Euh, ça craint. (rires) Vous travaillez dur sur un jeu pendant plusieurs années, vous préservez l’histoire au maximum, pour le moment où les joueurs la découvriront par eux-mêmes, et d’un coup, c’est partout. Sur le coup, ça a été très décourageant pour moi et l’équipe. Mais tu comprends ensuite que ce n’est pas le plus important. Par exemple, chacun a son film préféré, que tu connais par coeur, chaque réplique, chaque plan, et pourtant, dès que tu le revois, tu ressens la même émotion, voire plus encore. Nous avons conscience d’avoir un jeu, une expérience narrative, plus grande que n’importe quel twist ou spoiler. Tu dois le jouer, le vivre du début à la fin, ressentir ce que traverse Ellie, sa joie, son chagrin, sa colère… Rien ne peut remplacer ça, aucun spoiler ne le peut. Et puis, certaines fuites sont fausses, donc le jeu attend toujours les joueurs.
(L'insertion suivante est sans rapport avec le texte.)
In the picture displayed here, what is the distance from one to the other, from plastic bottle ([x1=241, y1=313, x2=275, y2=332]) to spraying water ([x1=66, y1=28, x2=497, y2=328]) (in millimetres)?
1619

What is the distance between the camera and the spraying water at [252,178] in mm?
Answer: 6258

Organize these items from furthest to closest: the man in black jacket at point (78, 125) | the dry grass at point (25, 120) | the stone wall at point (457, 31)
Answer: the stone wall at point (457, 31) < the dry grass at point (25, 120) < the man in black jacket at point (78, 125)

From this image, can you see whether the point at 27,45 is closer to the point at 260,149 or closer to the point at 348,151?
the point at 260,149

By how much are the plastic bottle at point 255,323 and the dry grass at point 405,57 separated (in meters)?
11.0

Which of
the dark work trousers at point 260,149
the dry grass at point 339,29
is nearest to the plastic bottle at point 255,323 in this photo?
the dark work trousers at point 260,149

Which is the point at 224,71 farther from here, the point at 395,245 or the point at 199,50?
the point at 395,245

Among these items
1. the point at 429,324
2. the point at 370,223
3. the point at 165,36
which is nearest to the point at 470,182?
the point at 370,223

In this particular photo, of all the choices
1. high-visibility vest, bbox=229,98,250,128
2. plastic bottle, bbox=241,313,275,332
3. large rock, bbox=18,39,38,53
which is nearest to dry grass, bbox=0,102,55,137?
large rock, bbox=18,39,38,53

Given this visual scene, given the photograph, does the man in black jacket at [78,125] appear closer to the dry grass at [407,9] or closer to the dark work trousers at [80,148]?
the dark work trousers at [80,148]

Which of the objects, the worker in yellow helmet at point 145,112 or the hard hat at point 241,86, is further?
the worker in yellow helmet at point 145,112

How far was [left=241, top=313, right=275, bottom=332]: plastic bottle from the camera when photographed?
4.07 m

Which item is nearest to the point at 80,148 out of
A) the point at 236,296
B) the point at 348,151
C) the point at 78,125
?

Naughty Dog a aussi fait l’actualité au sujet des conditions de travail au sein du studio, et la culture du crunch, cette pratique très présente dans le jeu vidéo et très critiquée aussi.
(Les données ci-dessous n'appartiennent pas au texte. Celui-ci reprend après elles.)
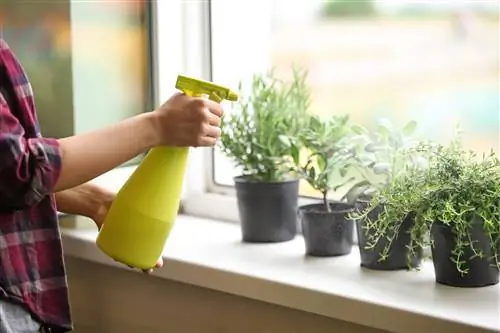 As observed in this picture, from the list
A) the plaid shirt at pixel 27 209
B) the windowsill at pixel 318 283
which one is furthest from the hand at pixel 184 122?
the windowsill at pixel 318 283

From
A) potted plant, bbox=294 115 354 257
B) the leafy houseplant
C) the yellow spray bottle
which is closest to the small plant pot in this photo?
potted plant, bbox=294 115 354 257

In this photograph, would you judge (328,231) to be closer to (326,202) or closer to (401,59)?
(326,202)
C’est une question qui mérite une vraie discussion, et pas une réponse courte. Mais je dirais qu’à Naughty Dog, nous avons des piliers, sur lesquels, quand nous travaillons sur un jeu, nous ne transigeons pas : les graphismes, que nous poussons au maximum, le gameplay, ou comment trouver les mécaniques pour immerger le joueur, l’histoire bien sûr, la diversité aussi, pour donner le meilleur reflet du monde dans lequel nous vivons, et enfin l’équilibre entre la vie et le travail. Nous avons réuni des gens talentueux, qui sont devenus talentueux parce qu’ils ont beaucoup travaillé, parce qu’ils se sont dépassés, pour créer de grands jeux, faire de Naughy Dog un leader du marché, et raconter des histoires pleines de sens, qui résonnent chez les gens.
Rien que cette semaine, nous avons reçu une vidéo d’une personne que The Last of Us a sauvée du suicide. Vous imaginez ? Nos jeux sont pris très au sérieux par les joueurs, et nous les prenons très au sérieux aussi. Mais il faut assurer aux équipes qu’elles puissent travailler en sécurité, qu’elles travaillent dur mais jusqu’à un certain point. Nous avons déjà mis en place des choses qui vont dans ce sens sur nos derniers jeux, mais nous n’avons pas encore réglé le problème, loin de là, et nous allons donc continuer.
Si vous deviez garder une seule chose, scène, sentiment de The Last of Us Part II ?
La chose qui me vient à l’esprit est un spoiler et je ne veux pas dévoiler la nature profonde du jeu, donc je dirai que nous avions une vision pour ce jeu. Nous savions que ce serait un jeu difficile à faire, à jouer, et à aucun moment, nous avons compromis cette vision. Que les gens l’adorent ou le détestent, c’est vraiment le jeu que nous voulions faire et toute l’équipe en est très fière.